**WHAT YOU HAVE TO DO:**
Dropping every picture, set down exactly the lines in the entries below, starting with the line with "This is Jen" and going on through the line with "Hi all, welcome".

┌─ DATA TO EXAMINE

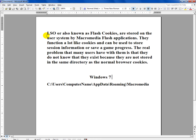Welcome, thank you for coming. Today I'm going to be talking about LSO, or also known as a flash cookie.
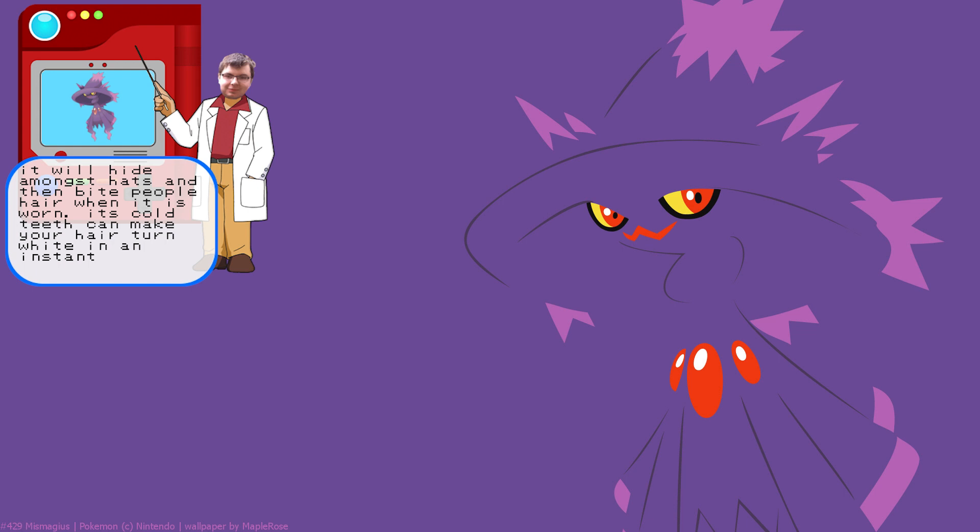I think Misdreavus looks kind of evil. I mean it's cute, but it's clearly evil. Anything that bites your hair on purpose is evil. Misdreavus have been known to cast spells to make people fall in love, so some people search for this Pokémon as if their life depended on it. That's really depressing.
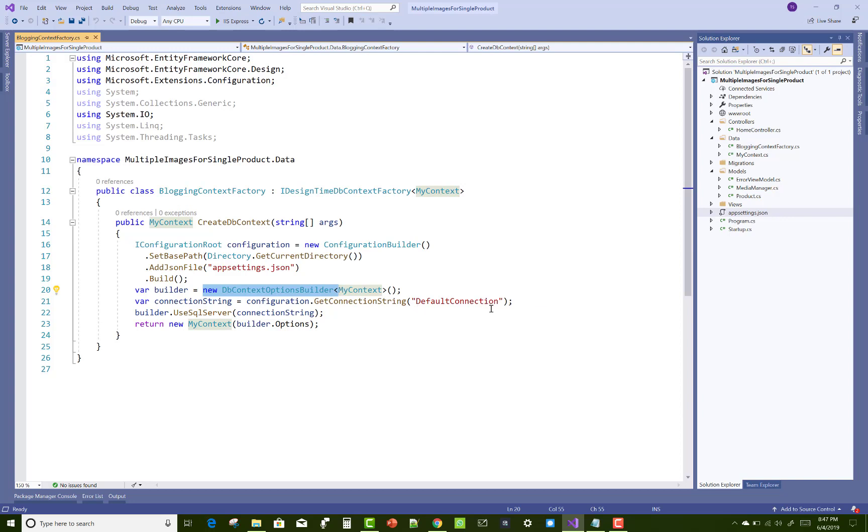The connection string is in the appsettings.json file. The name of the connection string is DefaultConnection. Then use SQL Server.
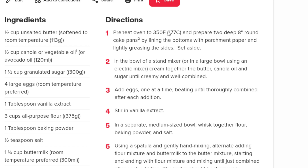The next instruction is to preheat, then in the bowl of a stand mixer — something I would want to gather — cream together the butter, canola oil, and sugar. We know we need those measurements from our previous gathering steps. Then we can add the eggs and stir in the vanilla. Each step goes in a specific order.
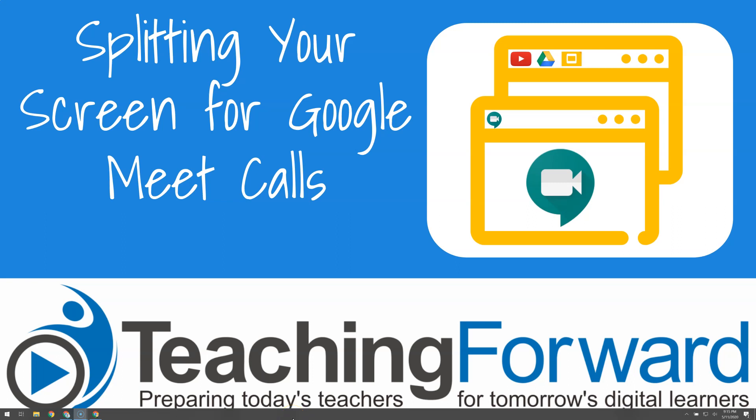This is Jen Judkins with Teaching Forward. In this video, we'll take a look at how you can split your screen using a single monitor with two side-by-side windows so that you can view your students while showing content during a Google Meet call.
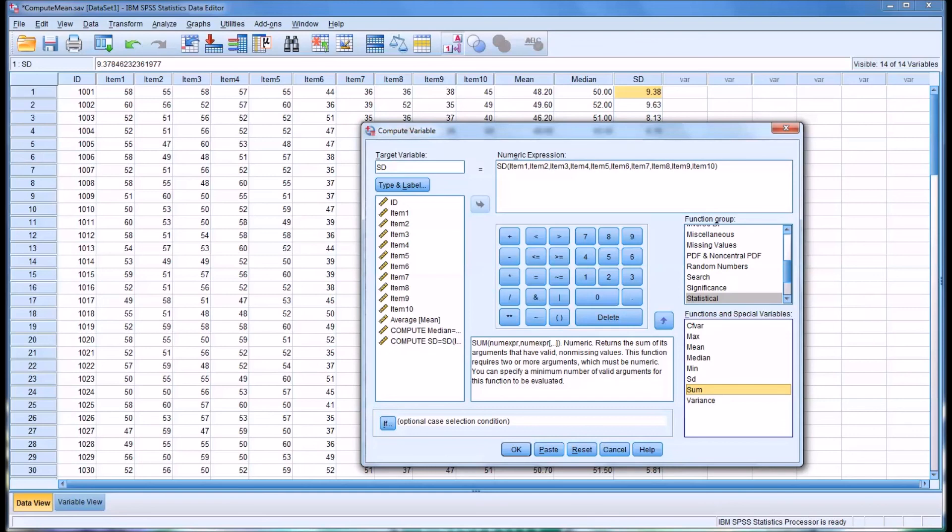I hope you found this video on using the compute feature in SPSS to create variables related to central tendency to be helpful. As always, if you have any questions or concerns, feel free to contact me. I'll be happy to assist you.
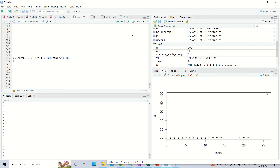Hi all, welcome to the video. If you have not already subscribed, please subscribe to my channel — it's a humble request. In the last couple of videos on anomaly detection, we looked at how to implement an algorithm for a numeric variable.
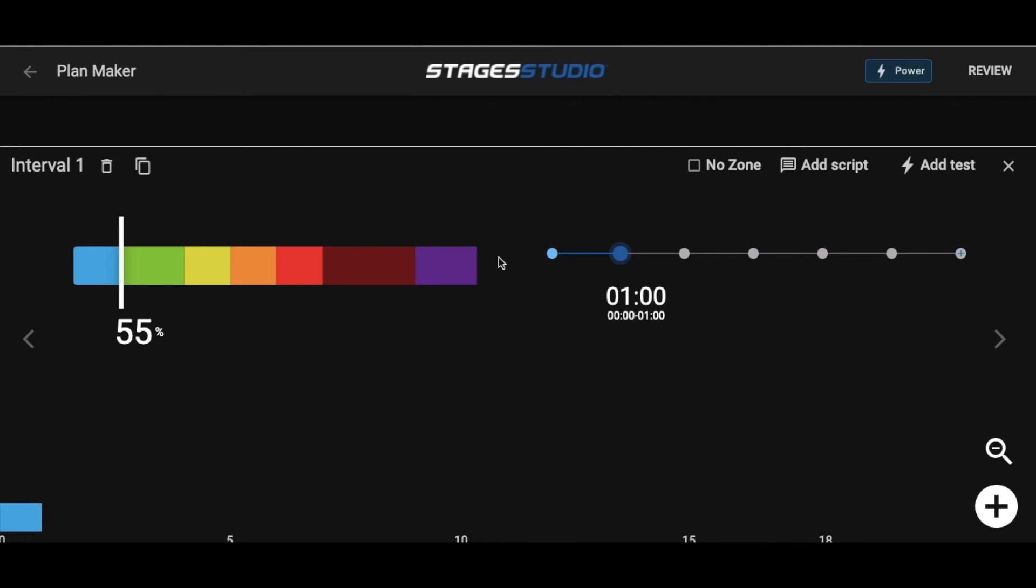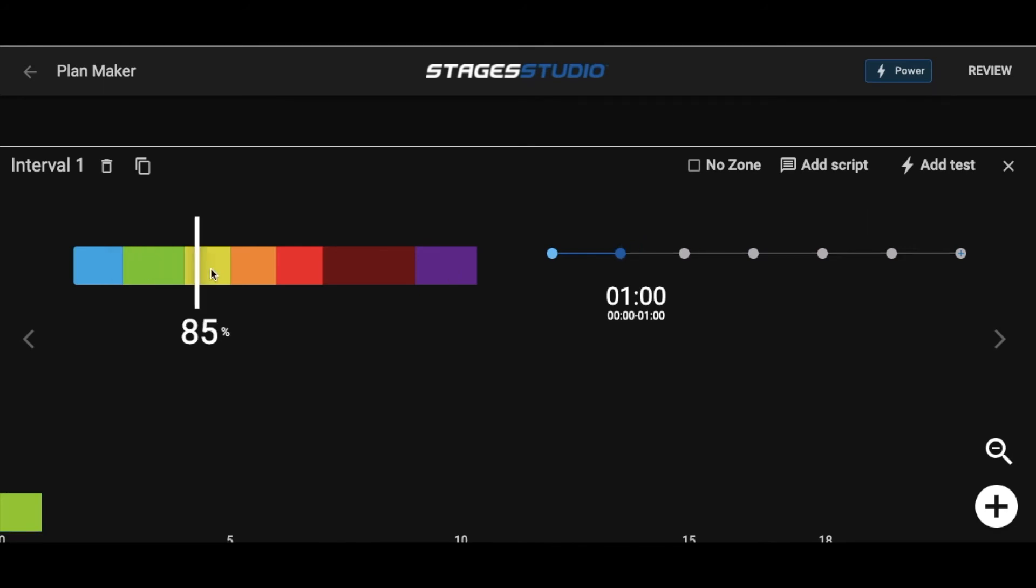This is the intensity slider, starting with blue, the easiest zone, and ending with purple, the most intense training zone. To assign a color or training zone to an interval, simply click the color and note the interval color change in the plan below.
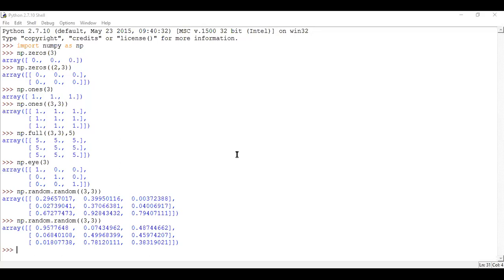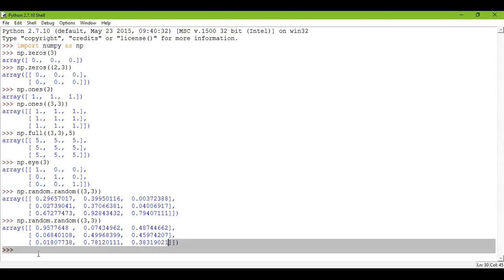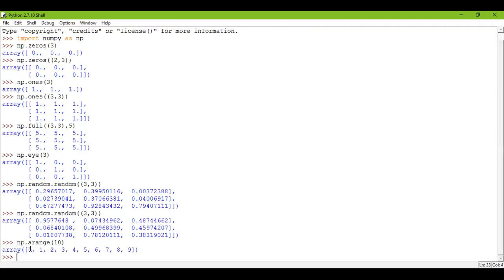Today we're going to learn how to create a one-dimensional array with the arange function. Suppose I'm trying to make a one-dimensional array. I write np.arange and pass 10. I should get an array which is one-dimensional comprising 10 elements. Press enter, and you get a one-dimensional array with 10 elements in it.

└─

**SOLUTION TO THIS PROBLEM:**
This is Jen Judkins with Teaching Forward. In this video, we'll take a look at how you can split your screen using a single monitor with two side-by-side windows so that you can view your students while showing content during a Google Meet call.
I hope you found this video on using the compute feature in SPSS to create variables related to central tendency to be helpful. As always, if you have any questions or concerns, feel free to contact me. I'll be happy to assist you.
Hi all, welcome to the video. If you have not already subscribed, please subscribe to my channel — it's a humble request. In the last couple of videos on anomaly detection, we looked at how to implement an algorithm for a numeric variable.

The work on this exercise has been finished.